La cascata luminosa di Times Square si riversa alle sue spalle, senza soluzione di continuità. Più in basso, all’altezza del terzo piano, le notizie della Dow Jones corrono veloci, come un ruscello di montagna. Alessandro Rampietti, camicia bianca e jeans, barba curata e piglio sorridente, rilassato anche dopo una giornata piena di notizie, è felice.
E’ un impiegato di Al Jazeera, la televisione del Qatar. Di più, è il responsabile della sede di corrispondenza di New York. Si ritrova a gestire storie difficili, come il tentativo di far esplodere una bomba proprio lì, a pochi passi dalla sua redazione. Un lavoro adrenalinico: gestire immagini e parole che passano dal Bangladesh all’Inghilterra, per lo Zimbabwe e l’intero Medio Oriente.
Eppure “volevo lavorare alla Rai”, racconta il senior producer, che ha trentatré anni. “Andai a pranzo con una persona che ha un certo peso nella tv pubblica, il quale, dopo aver apprezzato le mie capacità e aver detto che ero bravo, mi chiese di indicare il mio protettore politico”, racconta Rampietti. Il giovane giornalista andò alla ricerca di un santo in paradiso, incontrando un senatore che, però, gli lasciò “l’amaro in bocca”. La stessa sera ne parlò con un altro collega della Rai: “Ascoltami – suggerì lui – vai alla Columbia University di New York, ti aiuto a trovare una borsa di studio”.
Così è stato, e dagli Stati Uniti Rampietti non è ancora tornato: ha trovato un lavoro che gli fa girare il continente, più certezze e più stimoli per il futuro. “In Italia non ci sono i soldi per viaggiare all’estero, considerato sempre in misura minore nei notiziari – racconta – non amo il modo in cui si fa televisione da noi, sembra una radio cui vengono associate immagini talvolta senza senso, mentre nel mondo anglosassone c’è più attenzione al racconto”.

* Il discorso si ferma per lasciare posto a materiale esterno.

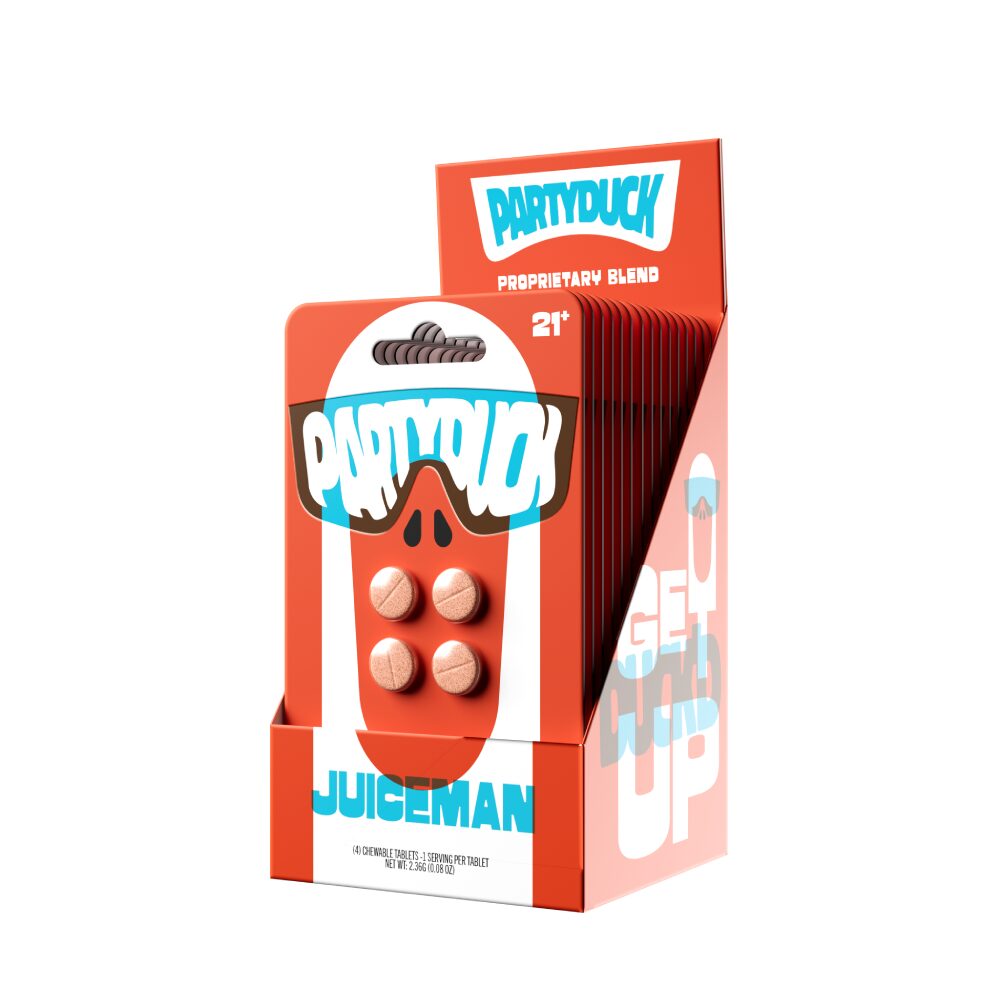 Partyduck (4ct Tablet) | Juice Man / Orange with Packaging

Certo, ci sono bei programmi “come Report”, anche se “sono passati vent’anni ed è sempre la stessa cosa: sembra che manchi la voglia di innovarsi”. Ben diversa, ovviamente, la realtà ad Al Jazeera, realtà “internazionalista” e “globale” che si divide le scrivanie con l’agenzia Reuters, affacciandosi sulle stesse luci della piazza considerata l’ombelico del mondo.
La versione inglese della tv del Qatar “vuole mettersi al livello degli altri canali internazionali, concentrandosi però sulle storie del Sud del mondo, cercando di portarlo in serie A”. Questo non vuol dire, comunque, “che sia una televisione perfetta: in fondo è soltando un bebé di tre anni, ma le possibilità sono infinite, ed è un posto editorialmente libero”.
Fare giornalismo negli Stati Uniti non è comunque troppo lontano dagli anni romani di Rampietti. Un pizzico di avventura ci vuole, in ogni caso. Quando lavorava per Roma Uno, canale metropolitano della capitale, ogni cronista aveva un motorino ed una telecamerina. “Volevamo essere i primi a raccontare la notizia”, spiega. Anche ora bisogna andare a caccia delle storie più intriganti, intervistando gli abitanti delle periferie, a Bay Ridge, cercando di capire le ragioni profonde della crisi.
Dopo aver viaggiato in 28 dei 50 Stati americani e facendo parecchie incursioni in America latina, il producer di Al Jazeera osserva in maniera distaccata il giornalismo del nostro Paese: “Di solito si vuole mostrare quanto sono stupidi gli americani, o l’ultima novità di Hollywood, magari criticare Bush o lodare Obama”. Gli Stati Uniti, però, sono molto più complessi. I grandi temi, negli ultimi anni, non sono mancati: vanno “dal matrimonio omosessuale alla crisi manifatturiera e automobilistica”.
E a lui, che ha dato l’America? “La libertà, capire che significa la libertà”, risponde. Comunque, anche se sta bene a New York, non è detto che passerà il resto della vita nella Grande Mela. La famiglia, che può annoverare qualche immigrato negli Usa già nelle generazioni passate, rimane in Italia, un Paese che continua ad essere “incredibile: mi piace da morire”.